Yes, it is possible for a nerve injury to occur during the administration of local anesthesia for dental procedures, though the risk of this complication is low. Local anesthesia is a standard and necessary procedure that temporarily blocks nerve signals, allowing for comfortable and pain-free treatment. This process involves precisely injecting an anesthetic agent near the nerve responsible for sensation in the treatment area. The possibility of sustaining a lasting alteration in sensation is a recognized, albeit uncommon, risk associated with this technique.

How Nerve Injury Occurs During Numbing

Nerve injury during a dental injection can occur through three distinct mechanisms: direct needle trauma, neurotoxicity, or pressure from a hematoma. The estimated incidence rate of nerve injury following a dental block injection is low, cited to be between 1 in 26,762 and 1 in 160,571 procedures.

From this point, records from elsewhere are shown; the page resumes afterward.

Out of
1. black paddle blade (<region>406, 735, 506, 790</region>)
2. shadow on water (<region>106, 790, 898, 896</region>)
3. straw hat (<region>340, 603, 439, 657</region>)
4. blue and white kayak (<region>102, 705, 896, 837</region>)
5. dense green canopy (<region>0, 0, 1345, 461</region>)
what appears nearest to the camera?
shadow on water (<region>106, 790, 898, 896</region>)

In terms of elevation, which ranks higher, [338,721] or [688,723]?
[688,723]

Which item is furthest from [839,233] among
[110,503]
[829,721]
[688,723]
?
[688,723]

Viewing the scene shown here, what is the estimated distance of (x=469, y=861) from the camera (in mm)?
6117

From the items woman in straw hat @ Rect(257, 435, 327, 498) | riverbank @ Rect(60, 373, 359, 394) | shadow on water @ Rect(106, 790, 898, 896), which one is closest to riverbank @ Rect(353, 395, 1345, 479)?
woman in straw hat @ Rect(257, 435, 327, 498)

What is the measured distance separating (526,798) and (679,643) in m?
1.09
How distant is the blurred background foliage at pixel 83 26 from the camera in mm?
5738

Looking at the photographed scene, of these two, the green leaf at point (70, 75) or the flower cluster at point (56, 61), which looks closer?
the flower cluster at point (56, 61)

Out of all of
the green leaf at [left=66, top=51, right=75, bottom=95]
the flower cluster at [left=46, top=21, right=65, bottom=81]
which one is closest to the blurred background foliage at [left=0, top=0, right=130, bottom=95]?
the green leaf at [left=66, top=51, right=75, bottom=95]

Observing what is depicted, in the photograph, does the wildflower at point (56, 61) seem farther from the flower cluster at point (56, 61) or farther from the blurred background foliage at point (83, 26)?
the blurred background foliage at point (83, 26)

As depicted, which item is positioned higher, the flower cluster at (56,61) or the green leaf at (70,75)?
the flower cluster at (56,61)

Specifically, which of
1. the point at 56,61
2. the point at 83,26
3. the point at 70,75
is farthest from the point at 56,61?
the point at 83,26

One cause is direct needle trauma, which happens if the needle physically contacts or penetrates the delicate nerve sheath during the injection process. The risk of this particular event is minimized by the dentist’s anatomical knowledge and careful technique.

A second mechanism involves the chemical nature of the anesthetic agent itself, known as neurotoxicity. High concentrations of the local anesthetic can cause temporary or prolonged irritation and damage to the nerve tissue.

The third potential cause is damage due to pressure from a hematoma, which is localized bleeding. If the needle accidentally punctures a blood vessel near the nerve, the resulting collection of blood can compress the nerve fibers.

Recognizing Immediate Symptoms

A patient may experience an immediate, sharp sensation if the needle makes direct contact with the nerve during the injection. This feeling is commonly described as a sudden, brief “electric shock” or a shooting pain that travels along the path of the nerve. While this immediate jolt is a sign of contact, it should be communicated to the professional immediately.

The most noticeable sign of a potential nerve involvement is the persistence of altered sensation long after the anesthetic should have worn off. Most local anesthetics cause numbness that lasts only a few hours, typically wearing off entirely within four to eight hours following the procedure. If the numbness, tingling, or an unusual heavy feeling persists for 24 to 48 hours, it may indicate a sensory change beyond the expected effects of the medication.

Unexpected post-procedure symptoms can include a persistent pins-and-needles feeling, a burning sensation, or even a complete lack of feeling in the affected area. Patients experiencing persistent or altered sensations should contact their dental provider promptly for an evaluation.

Nerve Injury Types and Recovery

The sensory changes that follow a dental nerve injury are medically termed paresthesia and dysesthesia. Paresthesia refers to an abnormal sensation, such as persistent numbness, tingling, or a prickling feeling in the affected area. Dysesthesia describes a painful, unpleasant, or exaggerated reaction to a stimulus that would normally not cause pain, such as a light touch.

The nerves most commonly involved in these injuries are the Inferior Alveolar Nerve (IAN) and the Lingual Nerve (LN). The IAN provides sensation to the chin, lower lip, and the lower teeth, while the LN is responsible for sensation and taste on the side of the tongue. Lingual nerve injuries are reported to occur more frequently than IAN injuries.

The prognosis for recovery is favorable, with the vast majority of these injuries being temporary. Over 85% to 94% of patients who experience a sensory alteration will see a complete or significant recovery of sensation within eight weeks of the injury. For the remaining individuals, the nerve may continue to heal, with recovery sometimes taking up to six to nine months.

The initial management often involves observation, as the nerve can spontaneously regenerate and heal on its own. If the altered sensation persists beyond the expected recovery time, the dental professional may conduct sensory testing to accurately map the extent of the damage. In prolonged cases, medications may be prescribed to manage symptoms, or a referral to a specialist, such as a microsurgeon, may be considered to explore potential surgical intervention. Permanent loss of sensation is rare.